§ Task instructions
Find the lines holding the string "Chapter" in the data, then copy all of them.

Extracted data entries:
* * * * *

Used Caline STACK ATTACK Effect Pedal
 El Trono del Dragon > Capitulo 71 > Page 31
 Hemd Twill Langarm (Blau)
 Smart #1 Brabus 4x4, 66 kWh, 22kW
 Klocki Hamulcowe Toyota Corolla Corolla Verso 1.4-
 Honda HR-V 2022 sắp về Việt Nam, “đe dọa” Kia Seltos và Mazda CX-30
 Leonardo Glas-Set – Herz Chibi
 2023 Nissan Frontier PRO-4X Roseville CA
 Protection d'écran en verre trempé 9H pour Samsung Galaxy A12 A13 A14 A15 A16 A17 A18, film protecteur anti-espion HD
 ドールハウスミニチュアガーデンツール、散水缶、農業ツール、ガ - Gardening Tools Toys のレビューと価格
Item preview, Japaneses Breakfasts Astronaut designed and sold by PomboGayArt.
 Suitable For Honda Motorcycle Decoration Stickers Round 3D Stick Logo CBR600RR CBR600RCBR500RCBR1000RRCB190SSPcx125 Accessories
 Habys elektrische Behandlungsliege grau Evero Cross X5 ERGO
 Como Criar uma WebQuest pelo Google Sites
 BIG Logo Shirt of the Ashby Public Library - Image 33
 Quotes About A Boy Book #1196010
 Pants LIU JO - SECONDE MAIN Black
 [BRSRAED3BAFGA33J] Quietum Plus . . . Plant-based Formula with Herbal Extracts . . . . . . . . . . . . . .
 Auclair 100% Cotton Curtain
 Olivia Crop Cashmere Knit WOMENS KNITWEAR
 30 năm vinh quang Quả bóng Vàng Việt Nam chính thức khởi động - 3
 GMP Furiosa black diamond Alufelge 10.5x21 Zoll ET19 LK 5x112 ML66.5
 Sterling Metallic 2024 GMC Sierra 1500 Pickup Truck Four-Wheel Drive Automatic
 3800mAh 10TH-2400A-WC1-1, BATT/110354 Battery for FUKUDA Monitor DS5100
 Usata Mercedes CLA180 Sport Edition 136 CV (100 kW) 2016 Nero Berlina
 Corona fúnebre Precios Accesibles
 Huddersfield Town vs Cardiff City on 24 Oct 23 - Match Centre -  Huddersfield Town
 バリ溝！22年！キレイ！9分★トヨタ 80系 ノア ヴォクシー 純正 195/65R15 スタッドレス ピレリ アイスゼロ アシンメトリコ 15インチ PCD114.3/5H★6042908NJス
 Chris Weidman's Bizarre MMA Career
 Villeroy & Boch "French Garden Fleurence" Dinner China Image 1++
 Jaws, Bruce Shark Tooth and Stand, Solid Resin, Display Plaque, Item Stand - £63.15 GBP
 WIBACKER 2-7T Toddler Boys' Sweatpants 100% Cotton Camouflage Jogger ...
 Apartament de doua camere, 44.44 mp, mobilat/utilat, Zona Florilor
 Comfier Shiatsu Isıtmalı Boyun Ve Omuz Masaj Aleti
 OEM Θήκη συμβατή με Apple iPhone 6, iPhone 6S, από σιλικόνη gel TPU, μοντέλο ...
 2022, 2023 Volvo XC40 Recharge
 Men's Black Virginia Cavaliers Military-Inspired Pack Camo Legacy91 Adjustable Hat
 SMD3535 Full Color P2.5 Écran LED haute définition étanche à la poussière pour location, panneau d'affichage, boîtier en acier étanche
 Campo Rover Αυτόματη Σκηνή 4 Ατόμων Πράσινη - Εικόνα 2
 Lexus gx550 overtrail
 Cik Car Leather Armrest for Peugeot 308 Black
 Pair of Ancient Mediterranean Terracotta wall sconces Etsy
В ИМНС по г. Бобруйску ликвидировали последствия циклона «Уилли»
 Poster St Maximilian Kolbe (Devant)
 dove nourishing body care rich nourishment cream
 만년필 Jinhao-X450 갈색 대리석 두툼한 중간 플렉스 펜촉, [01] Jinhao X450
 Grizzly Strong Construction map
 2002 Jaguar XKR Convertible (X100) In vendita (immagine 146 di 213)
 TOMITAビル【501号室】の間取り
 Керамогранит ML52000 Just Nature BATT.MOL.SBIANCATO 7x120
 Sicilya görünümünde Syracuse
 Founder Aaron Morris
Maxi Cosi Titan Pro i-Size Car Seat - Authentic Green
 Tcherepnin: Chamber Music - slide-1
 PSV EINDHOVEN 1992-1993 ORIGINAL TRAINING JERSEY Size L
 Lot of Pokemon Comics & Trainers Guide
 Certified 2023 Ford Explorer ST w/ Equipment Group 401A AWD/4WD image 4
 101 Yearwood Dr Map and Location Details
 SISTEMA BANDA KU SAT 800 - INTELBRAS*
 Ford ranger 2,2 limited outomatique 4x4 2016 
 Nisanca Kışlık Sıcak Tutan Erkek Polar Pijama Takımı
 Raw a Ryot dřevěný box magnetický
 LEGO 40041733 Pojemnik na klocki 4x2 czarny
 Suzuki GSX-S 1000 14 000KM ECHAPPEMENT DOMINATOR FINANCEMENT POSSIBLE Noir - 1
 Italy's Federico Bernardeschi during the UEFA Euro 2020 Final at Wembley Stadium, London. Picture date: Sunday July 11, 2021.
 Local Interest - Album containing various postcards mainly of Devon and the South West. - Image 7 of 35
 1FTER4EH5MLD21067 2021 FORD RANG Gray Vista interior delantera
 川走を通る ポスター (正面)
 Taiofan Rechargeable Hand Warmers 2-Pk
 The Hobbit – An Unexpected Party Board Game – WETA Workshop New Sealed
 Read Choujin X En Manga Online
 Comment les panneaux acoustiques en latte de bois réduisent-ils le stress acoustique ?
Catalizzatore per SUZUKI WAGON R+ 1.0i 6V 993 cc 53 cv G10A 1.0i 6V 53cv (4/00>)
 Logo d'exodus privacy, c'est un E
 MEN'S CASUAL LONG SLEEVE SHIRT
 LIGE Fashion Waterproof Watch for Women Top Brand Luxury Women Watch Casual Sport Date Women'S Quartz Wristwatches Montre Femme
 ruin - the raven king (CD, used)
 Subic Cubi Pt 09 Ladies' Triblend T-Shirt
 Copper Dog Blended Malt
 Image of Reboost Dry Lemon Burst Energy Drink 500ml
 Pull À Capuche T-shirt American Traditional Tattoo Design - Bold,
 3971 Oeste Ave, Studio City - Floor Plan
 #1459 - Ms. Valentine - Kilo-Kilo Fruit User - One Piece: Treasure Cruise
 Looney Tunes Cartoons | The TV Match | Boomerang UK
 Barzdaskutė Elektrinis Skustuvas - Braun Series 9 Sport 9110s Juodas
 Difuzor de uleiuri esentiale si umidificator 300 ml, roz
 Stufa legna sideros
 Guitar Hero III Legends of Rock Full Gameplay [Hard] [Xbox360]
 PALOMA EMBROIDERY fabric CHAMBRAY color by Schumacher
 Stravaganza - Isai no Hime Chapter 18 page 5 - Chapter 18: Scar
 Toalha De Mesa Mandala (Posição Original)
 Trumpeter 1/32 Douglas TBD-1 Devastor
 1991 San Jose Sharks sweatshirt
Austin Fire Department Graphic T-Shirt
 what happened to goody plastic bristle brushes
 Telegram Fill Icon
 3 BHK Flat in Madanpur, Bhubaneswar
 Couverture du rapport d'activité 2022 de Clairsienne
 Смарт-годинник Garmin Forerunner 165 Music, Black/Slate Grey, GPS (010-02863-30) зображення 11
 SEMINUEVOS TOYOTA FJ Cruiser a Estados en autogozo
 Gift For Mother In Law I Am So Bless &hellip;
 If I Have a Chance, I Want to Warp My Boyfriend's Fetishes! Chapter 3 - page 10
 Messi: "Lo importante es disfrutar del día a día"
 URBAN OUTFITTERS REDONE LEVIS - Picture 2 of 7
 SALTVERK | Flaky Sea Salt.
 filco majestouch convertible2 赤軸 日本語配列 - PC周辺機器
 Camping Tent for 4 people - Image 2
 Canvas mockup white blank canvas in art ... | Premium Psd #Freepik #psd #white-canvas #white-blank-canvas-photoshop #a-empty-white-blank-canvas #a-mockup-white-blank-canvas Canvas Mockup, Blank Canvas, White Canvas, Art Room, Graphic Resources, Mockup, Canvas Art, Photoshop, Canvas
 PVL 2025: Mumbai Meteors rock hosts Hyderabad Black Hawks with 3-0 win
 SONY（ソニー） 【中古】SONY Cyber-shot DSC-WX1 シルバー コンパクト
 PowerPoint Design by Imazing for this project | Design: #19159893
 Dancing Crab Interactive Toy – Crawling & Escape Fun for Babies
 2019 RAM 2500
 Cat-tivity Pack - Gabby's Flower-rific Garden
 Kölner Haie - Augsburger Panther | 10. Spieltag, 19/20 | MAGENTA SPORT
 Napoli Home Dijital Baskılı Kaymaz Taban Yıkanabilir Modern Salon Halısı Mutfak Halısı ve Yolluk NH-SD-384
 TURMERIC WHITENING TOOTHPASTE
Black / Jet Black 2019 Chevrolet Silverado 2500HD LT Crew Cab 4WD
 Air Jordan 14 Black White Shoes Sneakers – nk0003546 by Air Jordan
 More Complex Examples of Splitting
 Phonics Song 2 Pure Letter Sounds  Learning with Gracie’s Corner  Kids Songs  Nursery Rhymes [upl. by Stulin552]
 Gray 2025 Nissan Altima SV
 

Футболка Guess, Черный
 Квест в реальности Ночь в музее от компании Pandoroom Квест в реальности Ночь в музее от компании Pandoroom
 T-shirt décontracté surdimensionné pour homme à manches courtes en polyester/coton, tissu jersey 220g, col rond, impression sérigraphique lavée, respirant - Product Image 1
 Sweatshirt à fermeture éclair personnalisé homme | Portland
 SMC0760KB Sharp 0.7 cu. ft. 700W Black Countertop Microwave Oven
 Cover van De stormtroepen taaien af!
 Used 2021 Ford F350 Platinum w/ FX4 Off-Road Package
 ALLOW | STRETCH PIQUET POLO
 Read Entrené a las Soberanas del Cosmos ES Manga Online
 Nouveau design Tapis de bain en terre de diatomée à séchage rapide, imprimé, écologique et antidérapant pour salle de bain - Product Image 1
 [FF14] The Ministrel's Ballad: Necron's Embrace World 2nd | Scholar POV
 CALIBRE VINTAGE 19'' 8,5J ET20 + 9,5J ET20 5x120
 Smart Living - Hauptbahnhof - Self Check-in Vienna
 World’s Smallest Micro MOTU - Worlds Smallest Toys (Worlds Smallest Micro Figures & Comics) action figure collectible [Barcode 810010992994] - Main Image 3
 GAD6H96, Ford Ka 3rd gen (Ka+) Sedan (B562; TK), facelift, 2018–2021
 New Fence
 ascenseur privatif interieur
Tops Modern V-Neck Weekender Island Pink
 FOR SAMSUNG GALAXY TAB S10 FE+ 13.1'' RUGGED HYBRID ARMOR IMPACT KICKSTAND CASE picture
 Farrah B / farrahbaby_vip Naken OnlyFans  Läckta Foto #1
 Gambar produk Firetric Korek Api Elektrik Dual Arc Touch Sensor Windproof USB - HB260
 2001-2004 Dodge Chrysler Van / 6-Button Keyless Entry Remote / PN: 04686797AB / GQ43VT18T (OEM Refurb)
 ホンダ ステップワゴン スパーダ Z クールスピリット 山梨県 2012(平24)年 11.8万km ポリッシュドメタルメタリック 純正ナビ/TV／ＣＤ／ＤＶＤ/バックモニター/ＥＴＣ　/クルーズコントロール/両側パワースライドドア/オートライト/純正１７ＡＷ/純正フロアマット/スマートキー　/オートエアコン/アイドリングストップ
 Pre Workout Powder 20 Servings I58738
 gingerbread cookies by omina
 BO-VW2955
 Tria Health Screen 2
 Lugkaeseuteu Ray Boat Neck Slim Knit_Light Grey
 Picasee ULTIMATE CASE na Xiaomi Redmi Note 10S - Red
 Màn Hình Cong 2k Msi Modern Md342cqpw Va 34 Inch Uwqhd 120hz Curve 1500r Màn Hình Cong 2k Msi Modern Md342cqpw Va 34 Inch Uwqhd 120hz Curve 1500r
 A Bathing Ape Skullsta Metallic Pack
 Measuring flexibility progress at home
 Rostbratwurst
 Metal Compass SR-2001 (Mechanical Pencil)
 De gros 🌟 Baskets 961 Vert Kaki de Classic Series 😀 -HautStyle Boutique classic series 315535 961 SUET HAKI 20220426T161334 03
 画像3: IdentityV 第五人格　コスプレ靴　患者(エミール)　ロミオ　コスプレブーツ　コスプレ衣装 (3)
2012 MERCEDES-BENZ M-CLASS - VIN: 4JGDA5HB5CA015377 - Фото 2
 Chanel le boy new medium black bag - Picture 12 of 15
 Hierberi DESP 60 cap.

* * * * *

§ Solution
 Stravaganza - Isai no Hime Chapter 18 page 5 - Chapter 18: Scar
 If I Have a Chance, I Want to Warp My Boyfriend's Fetishes! Chapter 3 - page 10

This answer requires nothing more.